Najjair: “I think you see, what you have to understand is that it wouldn’t have been the wish of..it was highly debated in Libya. It wouldn’t have been the wish of everybody. But people like me, we’ve seen the extent of his damage, you know. I..for example..this is all going to be in the book and should be interesting to some Irish readers..For example I captured a 19-year-old girl that had killed 16 men, right?”
Dungan: “How do you know she’d killed 16 men?”
Najjair: “She confessed. Because I brought her to the hospital.”

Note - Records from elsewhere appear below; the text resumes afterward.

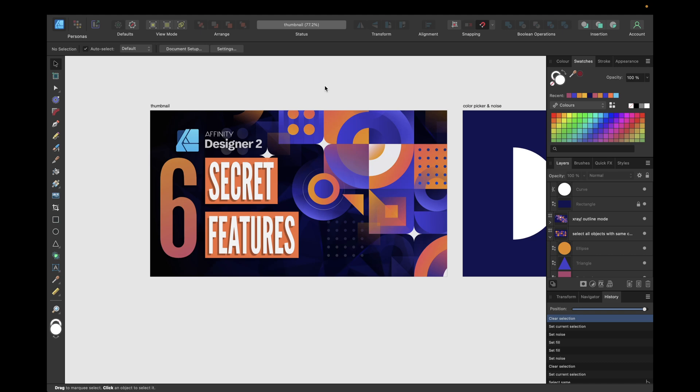Hey guys, today's video is about six secret features inside Affinity Designer version 2 you need to know.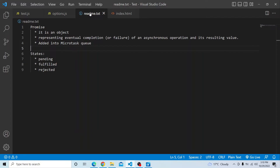Callback hell means callback functions are called within one API, another API gets called, and it becomes like a pyramid of doom. Similarly, inversion of control means if you provide your callback function to some other API or method, you do not know whether that method will be called two times or three times. To avoid all these issues, we use promises, and they are added into the micro task queue.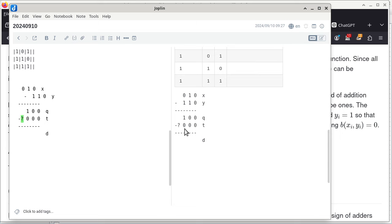For the most significant bit: NOT X2 — NOT 0 is 1 — ANDed with Y2 which is 1: 1 AND 1 is 1. Since one side of the OR is already 1, T3 is a 1. Now for the D (difference) row, which is XOR of Q and T: 0 XOR 0 = 0, then 0 XOR 0 = 0, then 1 XOR 0 = 1. So the result D is 100.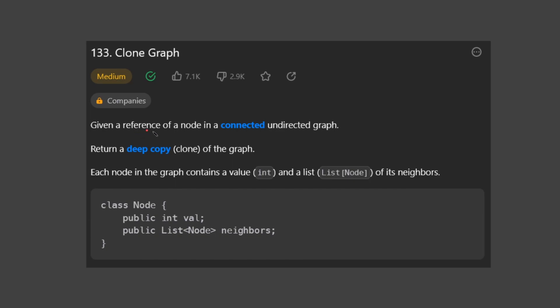In this problem, we're given a reference of a node in a connected, undirected graph. What does that part mean? That's a bit confusing, so let me explain.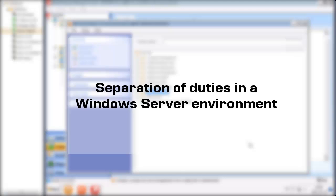Hi, my name is Patrik Sander, Senior Sales Engineer at RAS Software. Today I'm going to demo how you can enforce separation of duties in a Windows Server environment.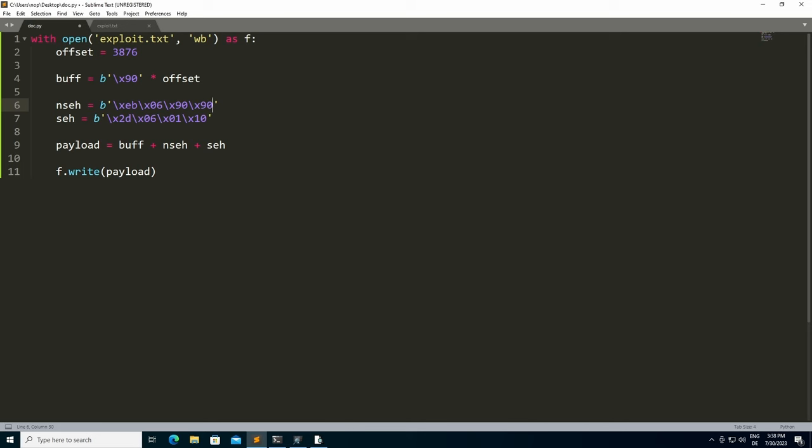You mark your shellcode with an egg, and for most proof of concepts you will find online this egg is going to be WootWoot. The egg basically consists of 4 bytes that are repeated twice in order to eliminate false positives. The egg hunter then enumerates through the processor's memory and looks for that marker. If it finds the marker twice directly after each other, it will redirect the control flow to the memory address directly after the marker.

Dungan: “Why did she confess?”
Najjair: “I brought her to the hospital. Oh no, this..in the later, after questioning her and interrogating her and finding out who she actually was, she was one of his main snipers. She was in one of his main sniper units. So..and she confessed. And not only did she confess..a lot this has been highlighted since…about this girl in particular. When I walked into the room after I’d just heard the words, the guys just said to me, ‘look Sam, that girl that you brought in there, she’s just after confessing to 16 deaths’. When I burst into the room I had this incredible rage inside me. Every face had flashed in front of my eyes, all my mates that died, that guys that got shot in the head, shot in the chest. She was a sniper. Every one of them that flashed through my eyes…”
Dungan: “But you were a sniper swell?”
Najjair: “I imagined was her. And when I approached her I said ‘Why did you do it, like? Why did you shoot them? Why did you not shoot up, to the side, shoot to the left?’ I didn’t know that she was an army sniper. I thought she was just some girl. I was inquisitive but rage, full of rage. And she said to me, she said ‘well listen they had me at the window and they were sitting behind me and telling me ‘shoot or we’ll kill you’. They raped me by night and did that to me by day’. And so I had this big anti-climax in my mind. I had so much rage. I knew I couldn’t..that ultimately it was directed at Gaddafi. that Gaddafi made all these situations happen. Him and his henchmen were the ultimate cause of everything that is going on. So him dying in the way that he died I’ve no sympathy for him. Although, the way he was captured in an angry mob and stuff like that, it’s bound to happen like.”